TASK DETAILS
Below are records. Transcribe exactly the lines from the one that contains "Xiaomi 15T Pro" through the last line, leaving any pictures out.

RECORDS SUPPLIED
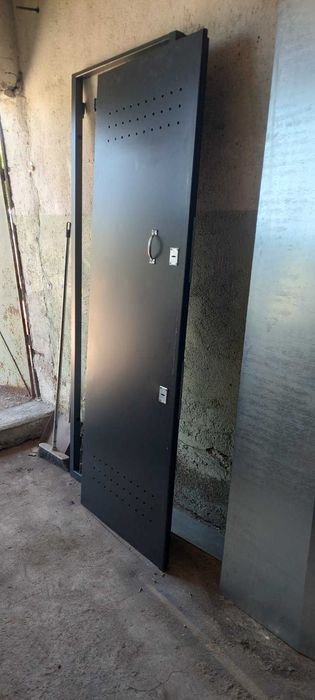 Метални врати за мазета с размери по поръчка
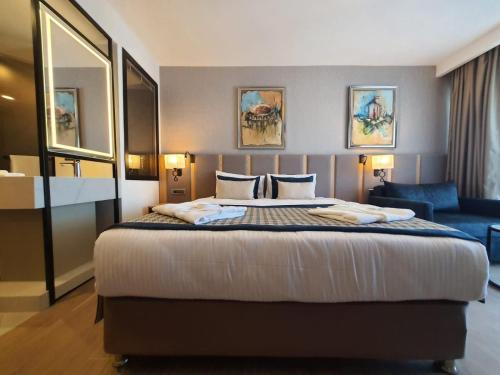 Imagen de la habitación del Hotel Sunthalias & Resorts Ultra All Inclusive. Foto 17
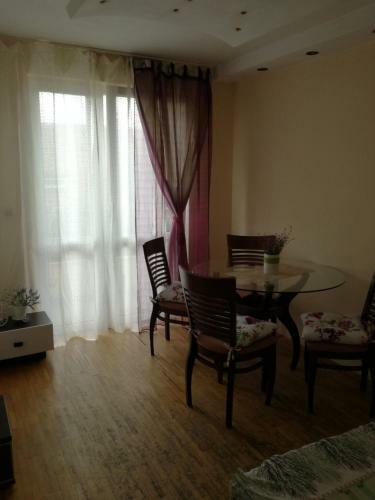 Lider Apartment Pop Hariton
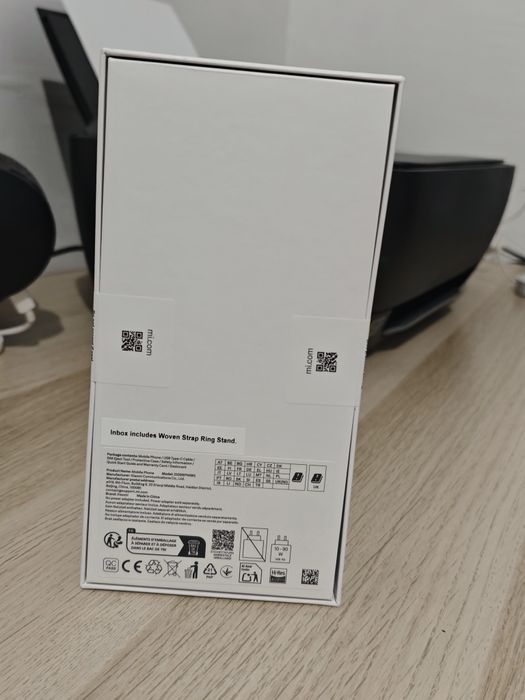 Xiaomi 15T Pro com 12GB de RAM e 1TB novo selado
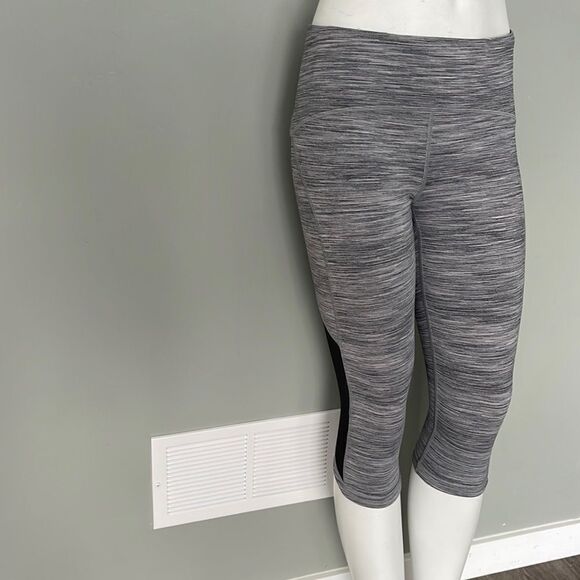 Lululemon size 8 capris - Picture 1 of 2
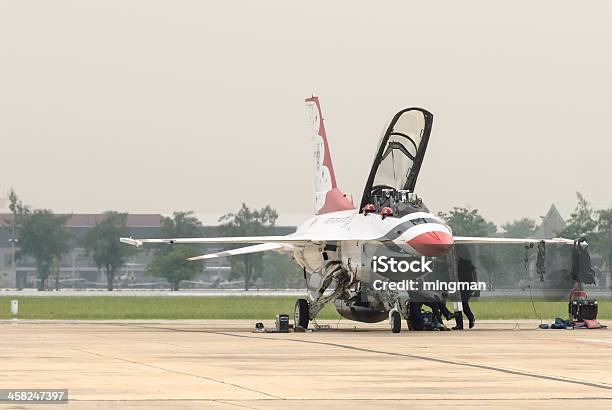 Usaf Thunderbirds 도출함 떠나라 위해 준비합니다 4가지 개체에 대한 스톡 사진 및 기타 이미지 - 4가지 개체, Airshow, F-16 파이팅 팰콘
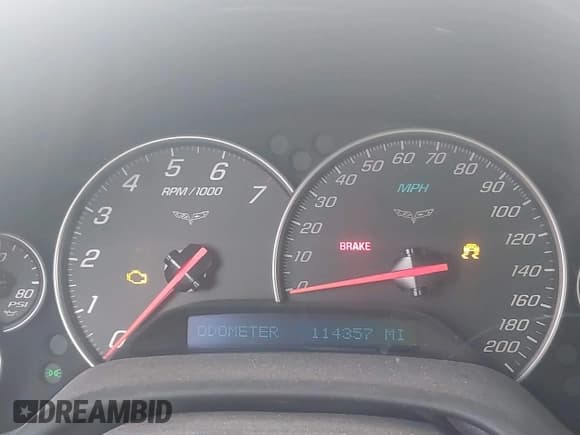 ✅ 2008 Chevrolet Corvette • VIN: 1G1YY36W985120265 • Lot: 43638631. Wystawiony na IAAI z przebiegiem 114 357 mil. Bezpłatny archiwum sprzedaży aukcyjnych z USA i szczegółowy raport historii pojazdu na DreamBid. Zdjęcie 15.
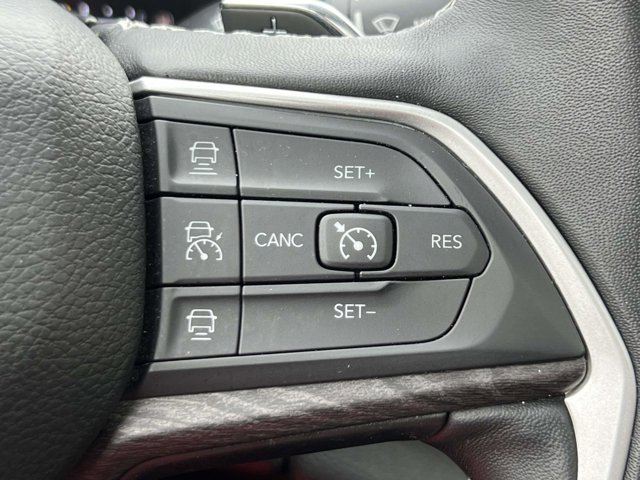 Used 2022 Jeep Grand Cherokee L Limited image 21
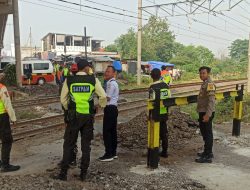 Bhabinkamtibmas dan Babinsa Pantau Penutupan Jalur Kereta Api di Stasiun Cisauk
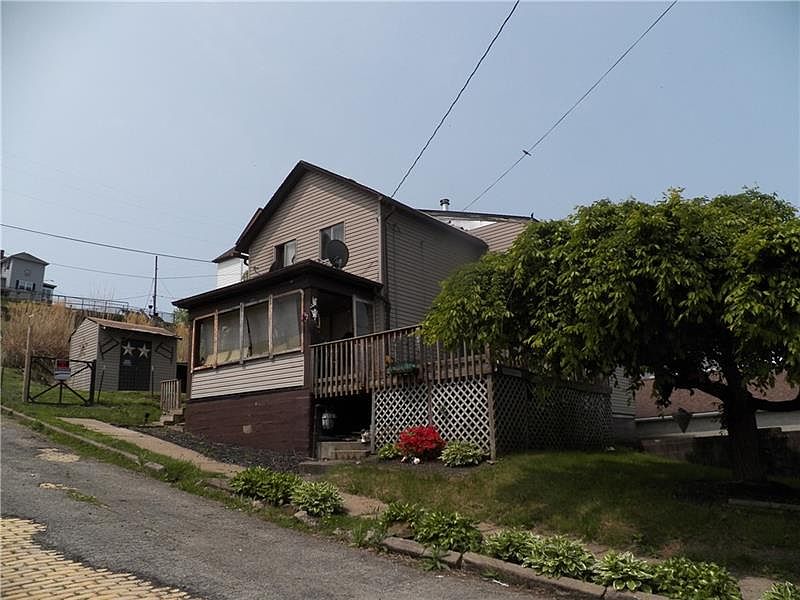 816 Hawthorne St, Vandergrift, PA 15690 MLS 1608557 Zillow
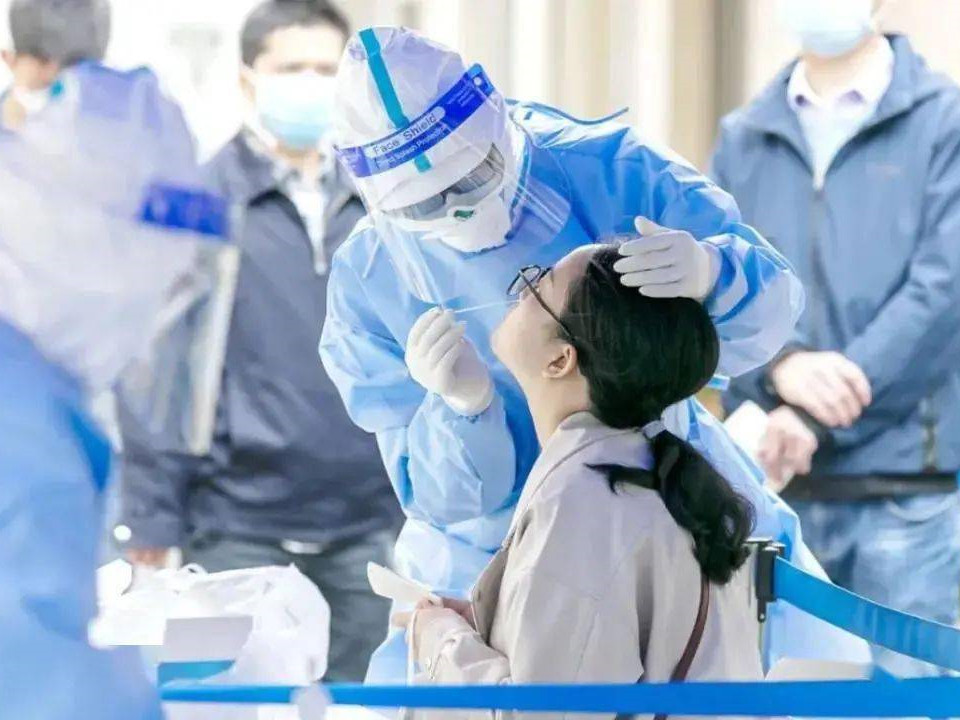 消失12年，如今满血归来！靠手机狂赚42亿的荣秀丽，这些年去哪了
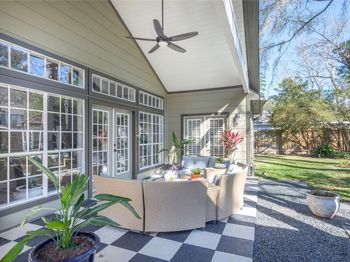 6211 Kingscrest Lane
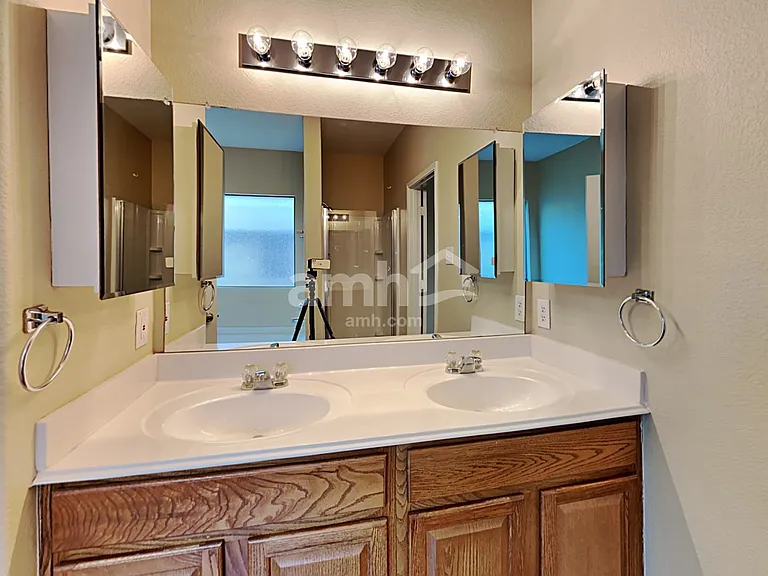 1100 Oakbrook St — Photo 15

SOLUTION TO THIS EXERCISE
 Xiaomi 15T Pro com 12GB de RAM e 1TB novo selado
 Lululemon size 8 capris - Picture 1 of 2
 Usaf Thunderbirds 도출함 떠나라 위해 준비합니다 4가지 개체에 대한 스톡 사진 및 기타 이미지 - 4가지 개체, Airshow, F-16 파이팅 팰콘
 ✅ 2008 Chevrolet Corvette • VIN: 1G1YY36W985120265 • Lot: 43638631. Wystawiony na IAAI z przebiegiem 114 357 mil. Bezpłatny archiwum sprzedaży aukcyjnych z USA i szczegółowy raport historii pojazdu na DreamBid. Zdjęcie 15.
 Used 2022 Jeep Grand Cherokee L Limited image 21
 Bhabinkamtibmas dan Babinsa Pantau Penutupan Jalur Kereta Api di Stasiun Cisauk
 816 Hawthorne St, Vandergrift, PA 15690 MLS 1608557 Zillow
 消失12年，如今满血归来！靠手机狂赚42亿的荣秀丽，这些年去哪了
 6211 Kingscrest Lane
 1100 Oakbrook St — Photo 15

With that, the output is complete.